| Quote #4
[N]one of us ever cares to talk like you. Us talk like our own Mama and her peoples and their peoples before them. You think out everything in your brain. While us rather talk from something in our hearts that has been there for a long time. (1.4.70)
Ah, the age old battle between the head and the heart. Portia is proud to be like her mother and the heritage that her mom represented. That comes from the heart. But Copeland is all about the mind. He has cut himself off from his own heritage by embracing cool logic and detachment, and some fiercely proper grammar.
| Quote #5
Nothing much happened that she could describe to herself in thoughts or words – but there was a feeling of change. All the time she was excited. (2.1.1)

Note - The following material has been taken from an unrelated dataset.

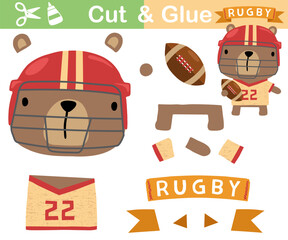 Canvas Print - Vector illustration of cartoon bear in rugby player uniform with ball. Paper game for kids. Cut and glue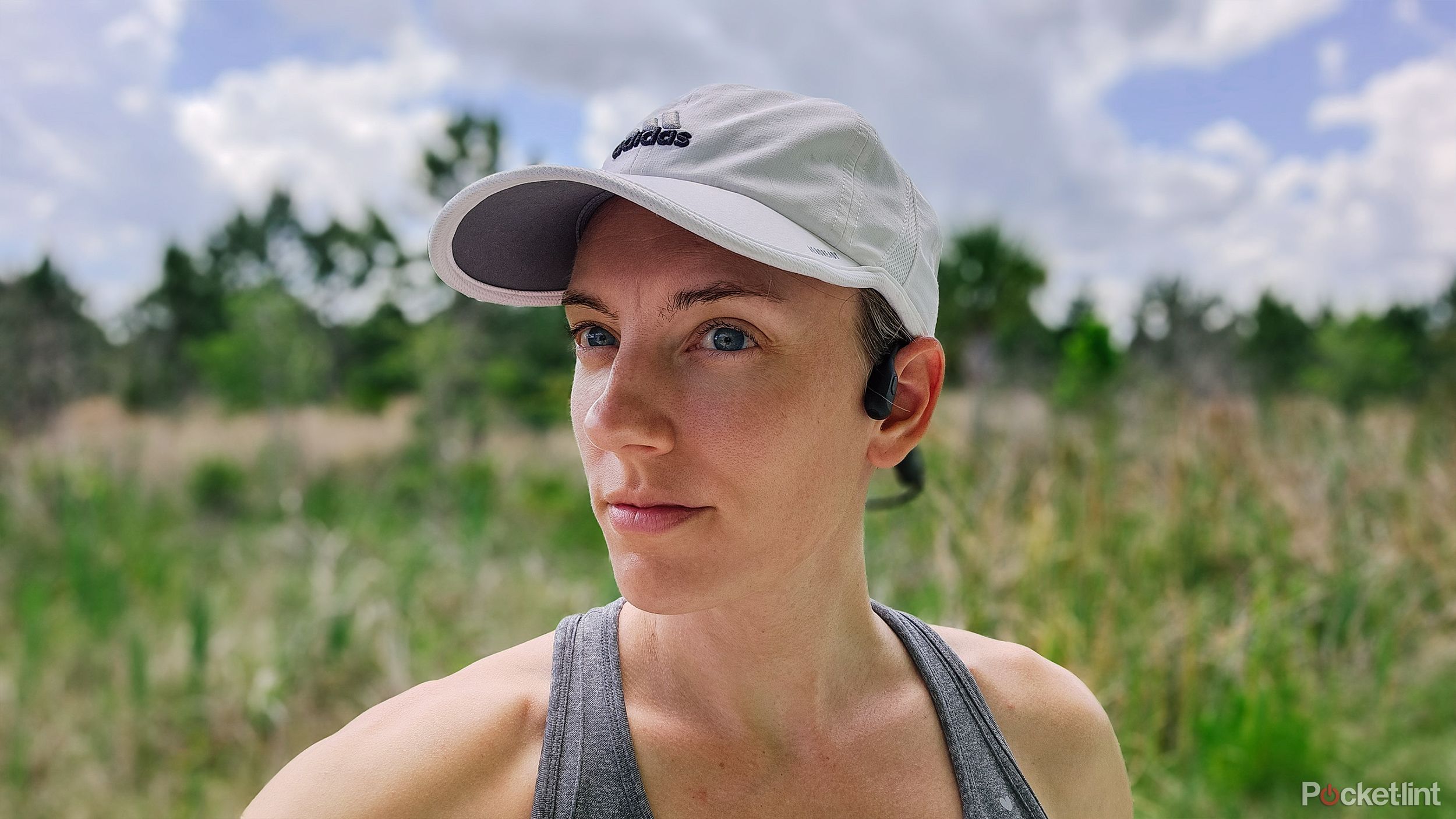 A woman with a white running hat in front of a blurred out forest wearing Shokz Open Run Pro bone conduction headphones.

Mick comes of age in this novel. Her life changes constantly, even though much of her day-to-day life remains the same. At this point her identity is still in flux. She could become any number of things. But by the end of the novel, her identity becomes totally static. She becomes defined by her job, and that doesn't seem like it will change anytime soon.
| Quote #6
This part of the music was beautiful and clear. She could sing it now whenever she wanted to. Maybe later on, when she had just waked up some morning, more of the music would come back to her. (2.1.136)
Mick is often described as having music inside of her, which is oddly reassuring. Mick can't always access that music, but she knows it's there, deep inside, just waiting for the right time to be heard.